== What you have to do ==
Restate the listing below word for word, and leave its pictures behind.
********
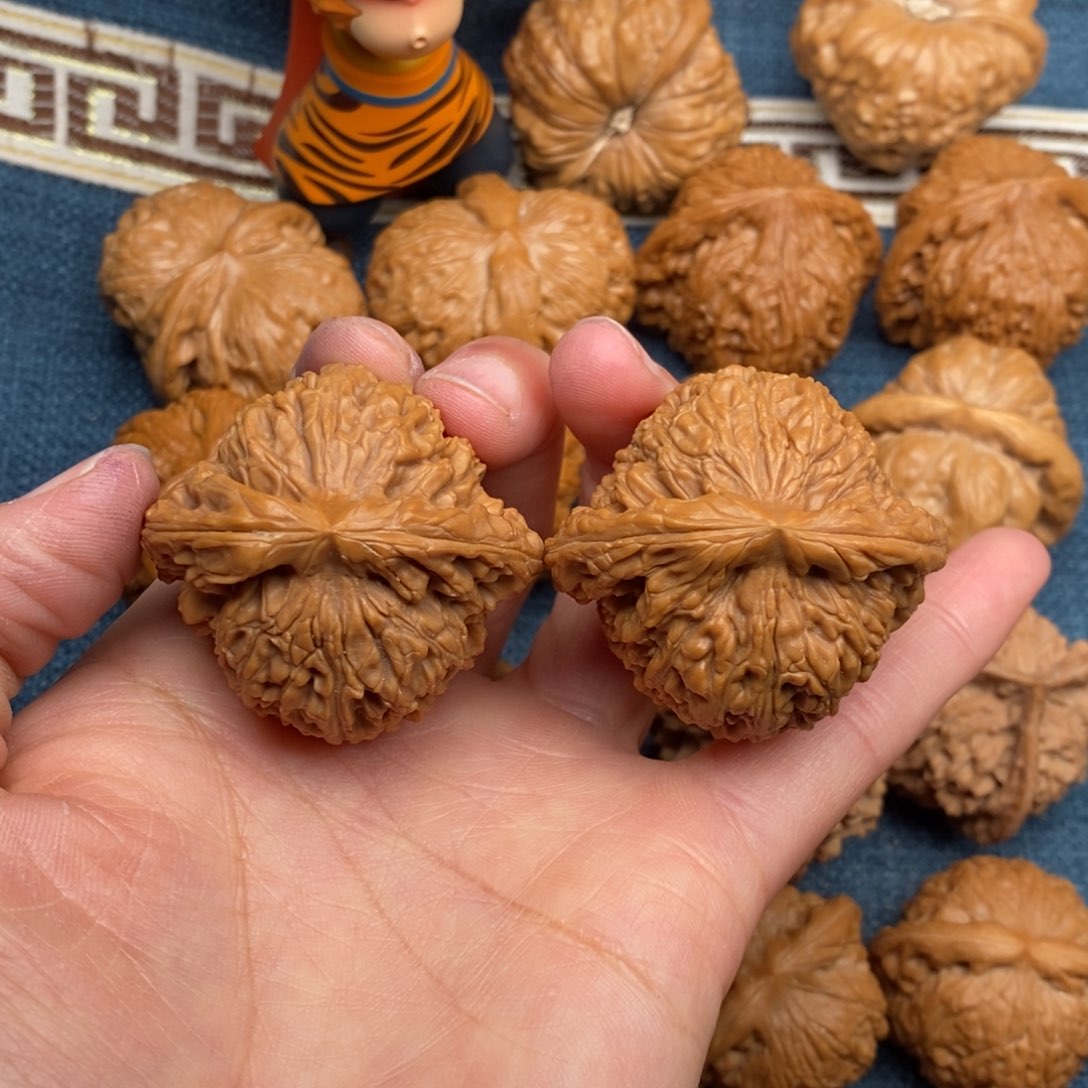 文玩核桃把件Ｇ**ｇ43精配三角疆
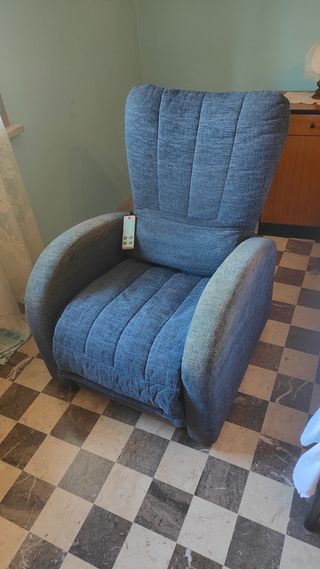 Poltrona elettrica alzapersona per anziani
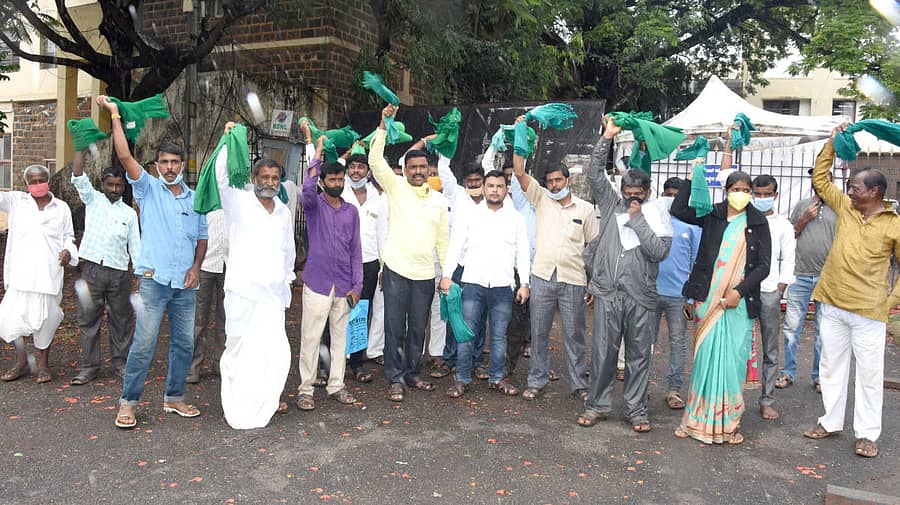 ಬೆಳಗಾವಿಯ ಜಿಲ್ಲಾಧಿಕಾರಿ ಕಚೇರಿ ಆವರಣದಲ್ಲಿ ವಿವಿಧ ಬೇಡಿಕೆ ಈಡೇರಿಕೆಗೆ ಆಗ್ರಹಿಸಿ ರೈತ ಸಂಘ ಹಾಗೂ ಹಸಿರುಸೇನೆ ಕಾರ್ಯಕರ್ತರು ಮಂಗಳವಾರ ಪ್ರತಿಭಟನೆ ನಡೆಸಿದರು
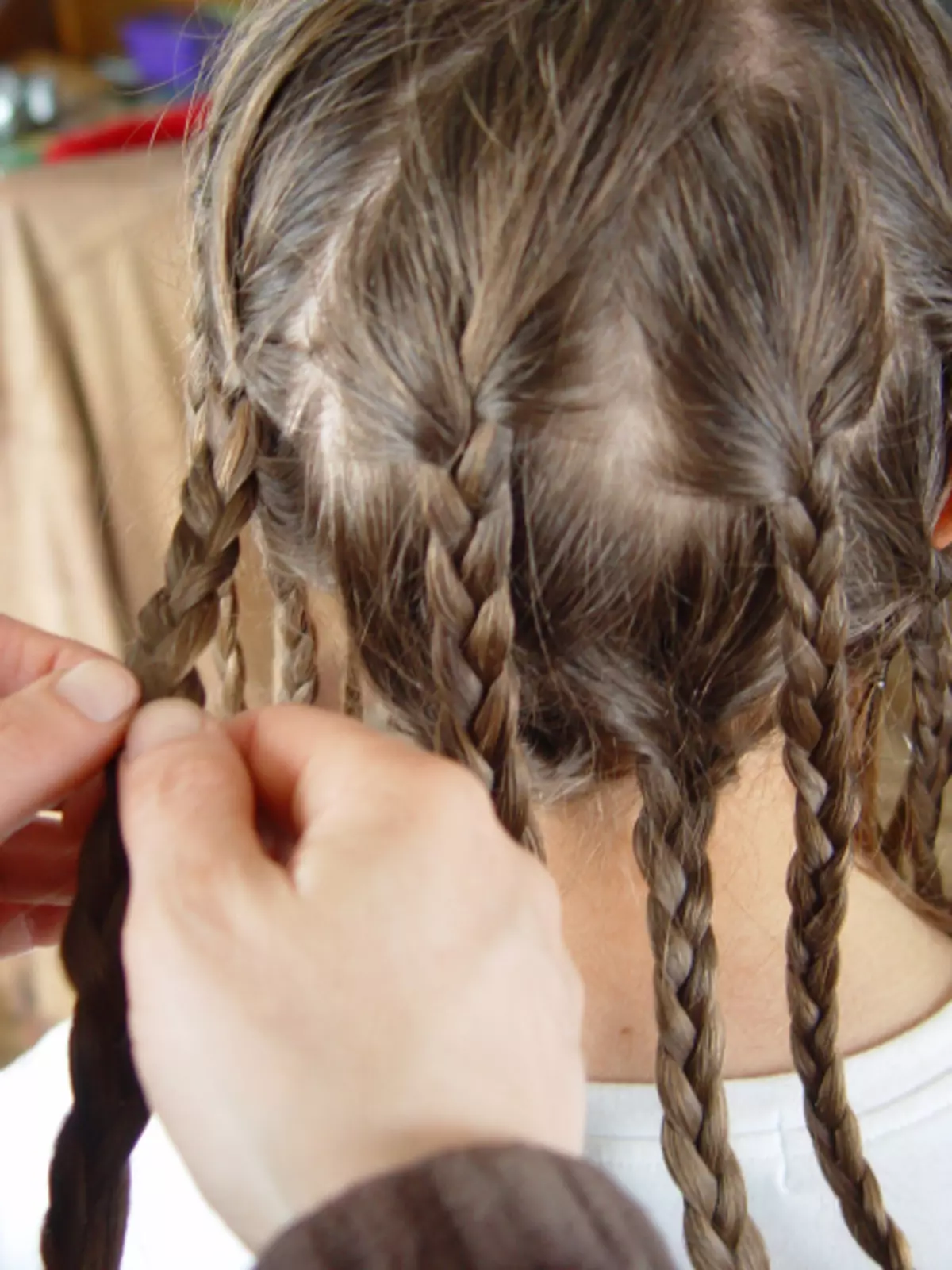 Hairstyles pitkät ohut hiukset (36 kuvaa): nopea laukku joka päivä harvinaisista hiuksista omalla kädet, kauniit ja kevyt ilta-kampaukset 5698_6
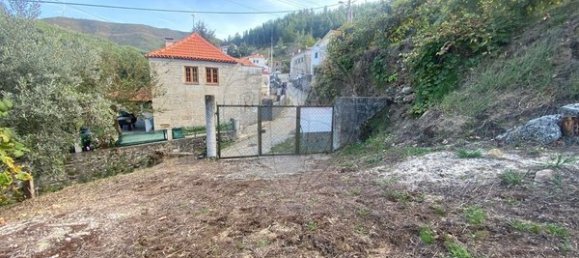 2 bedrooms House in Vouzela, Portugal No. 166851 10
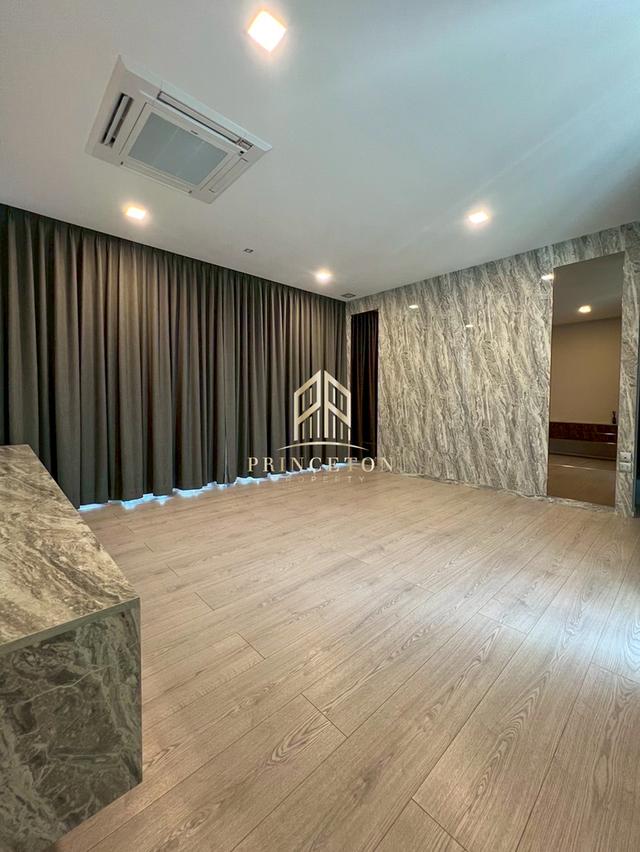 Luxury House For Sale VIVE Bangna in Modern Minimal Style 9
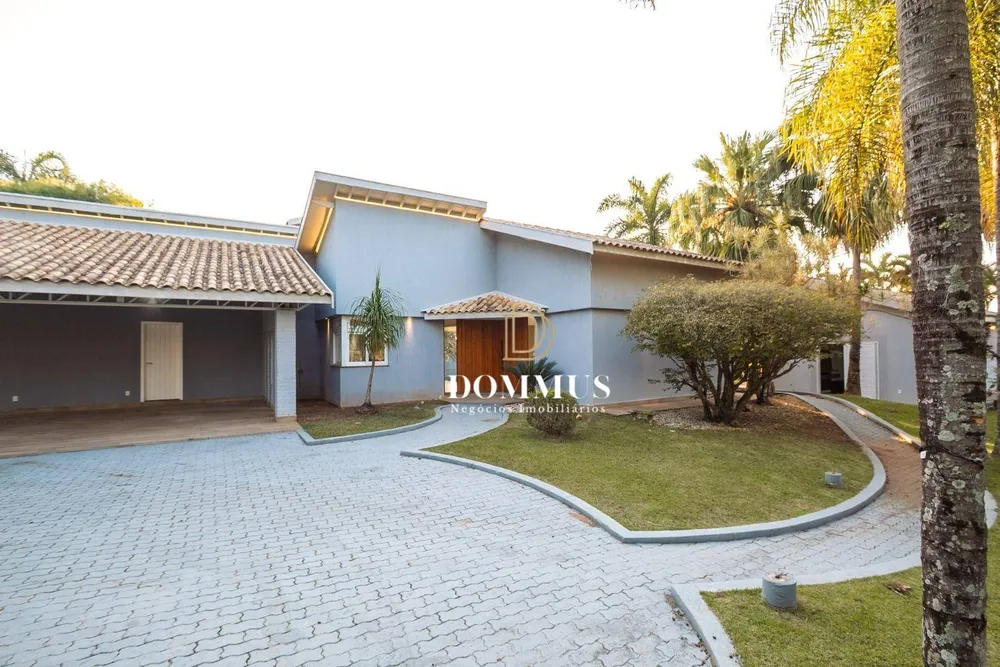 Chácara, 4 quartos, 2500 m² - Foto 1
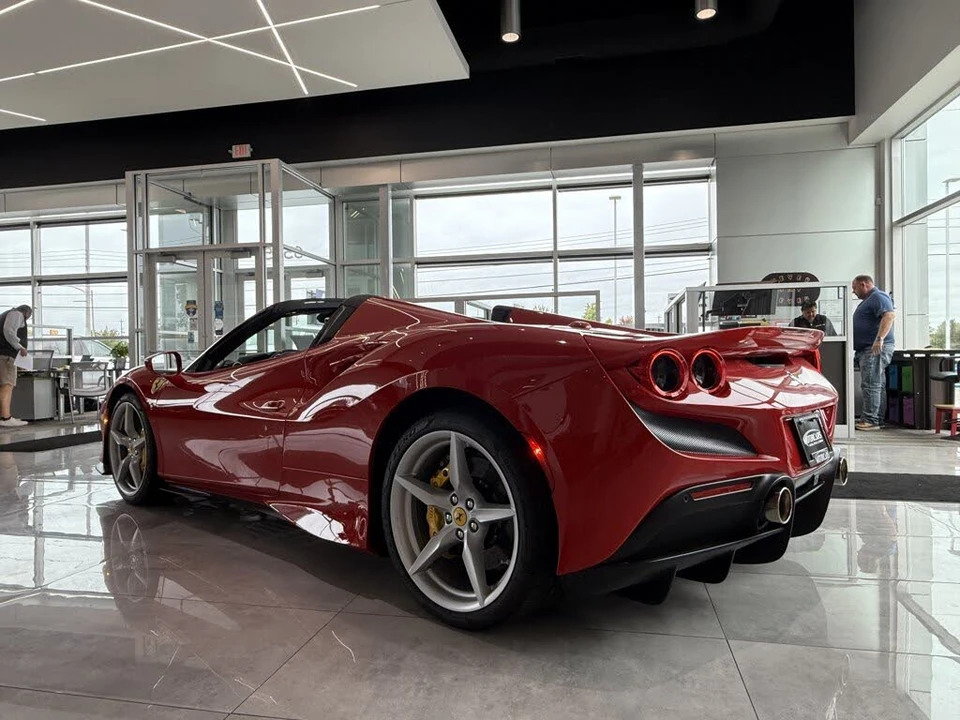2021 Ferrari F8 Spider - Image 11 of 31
********
== Exercise result ==
 文玩核桃把件Ｇ**ｇ43精配三角疆
 Poltrona elettrica alzapersona per anziani
 ಬೆಳಗಾವಿಯ ಜಿಲ್ಲಾಧಿಕಾರಿ ಕಚೇರಿ ಆವರಣದಲ್ಲಿ ವಿವಿಧ ಬೇಡಿಕೆ ಈಡೇರಿಕೆಗೆ ಆಗ್ರಹಿಸಿ ರೈತ ಸಂಘ ಹಾಗೂ ಹಸಿರುಸೇನೆ ಕಾರ್ಯಕರ್ತರು ಮಂಗಳವಾರ ಪ್ರತಿಭಟನೆ ನಡೆಸಿದರು
 Hairstyles pitkät ohut hiukset (36 kuvaa): nopea laukku joka päivä harvinaisista hiuksista omalla kädet, kauniit ja kevyt ilta-kampaukset 5698_6
 2 bedrooms House in Vouzela, Portugal No. 166851 10
 Luxury House For Sale VIVE Bangna in Modern Minimal Style 9
 Chácara, 4 quartos, 2500 m² - Foto 1
2021 Ferrari F8 Spider - Image 11 of 31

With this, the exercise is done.